Thornburg : Est-ce que je peux vous poser quelques questions ? J'ai l'impression que certaines choses que vous venez de dire ont appelé certaines questions de la part des gens qui sont avec moi.

Hendrie : Allez-y, je vous en prie, je serai ravi de tenter d'y répondre.

Voix au téléphone : Quels sont les risques d'explosion susceptibles de provoquer une rupture du coeur ? ou bien encore une rupture de la cuve ?

Hendrie : Dans certains endroits, on ne note aucune présence d'oxygène susceptible de se combiner à l'hydrogène, de sorte que, autant que je sache, le risque est voisin de zéro.

Thornburg : Entendu. J'ai l'impression que la meilleure chose que j'ai à faire, c'est de lui laisser le téléphone ; je viens de discuter avec Harold et je lui ai demandé de m'accorder 10 minutes pour vous appeler, après quoi il vous appellera.
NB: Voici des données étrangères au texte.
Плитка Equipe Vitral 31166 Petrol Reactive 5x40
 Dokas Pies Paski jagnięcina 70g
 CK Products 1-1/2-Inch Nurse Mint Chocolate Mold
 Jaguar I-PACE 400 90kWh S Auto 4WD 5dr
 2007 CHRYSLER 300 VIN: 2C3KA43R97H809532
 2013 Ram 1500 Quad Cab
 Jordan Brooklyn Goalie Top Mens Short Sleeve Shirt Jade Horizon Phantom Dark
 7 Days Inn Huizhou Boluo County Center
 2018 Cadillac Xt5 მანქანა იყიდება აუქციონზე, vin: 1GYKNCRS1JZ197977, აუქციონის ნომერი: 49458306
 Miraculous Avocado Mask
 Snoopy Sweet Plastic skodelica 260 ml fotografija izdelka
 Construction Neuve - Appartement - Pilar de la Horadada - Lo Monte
Je crois que vous devriez l'avoir rapidement.

Thornburg : Très bien, merci. Pourriez-vous imaginer les cas de complications les plus graves auxquels nous devons nous préparer dans les quelques jours à venir ?

Hendrie : Je pense qu'il serait prudent de mettre en état d'alerte les responsables des plans d'évacuation et d'urgence. Je pense aussi qu'un certain nombre de Personnes du côté fédéral désireraient être présentes, à proximité de vos bureaux, au cas où Ce serait une précaution utile.

Une voix : Avez-vous une idée de l'étendue de la zone susceptible de faire l'objet de mesures d'évacuation ?

Hendrie : Je pense que si l'on craignait l'éventualité d'une dégagement important, c'est-à-dire différent de toutes les choses que nous avons vues jusqu'à présent, lesquelles sont très mineures, tout au moins pour un accident important, il faudrait envisager une évacuation d'une trentaine de kilomètres alentour.

Thornburg : Est-il quelqu'un dans le pays qui possède une expérience des conséquences que pourrait avoir sur la santé un dégagement de cette importance ?

Hendrie : Non, en ce sens que le problème n'a pas été étudié et élucidé sur un cas réel. A un certain moment, quand on a fait des essais de bombardements, on a exposé des groupes de soldats, parfois même certains civils, à des doses de radiation de faible intensité en rems (problème qui fait aujourd'hui l'objet de discussions), mais c'est à peu près la seule expérience comparable qui me vienne à l'esprit. Vous évoquez l'éventualité d'un dégagement important, et non pas les petits dégagements qui se sont produits jusqu'à présent ?

Thornburg : Oui, c'est bien ça. A propos, qu'en est-il de ces émissions continues de faible intensité ? Faut-il s'en inquiéter ?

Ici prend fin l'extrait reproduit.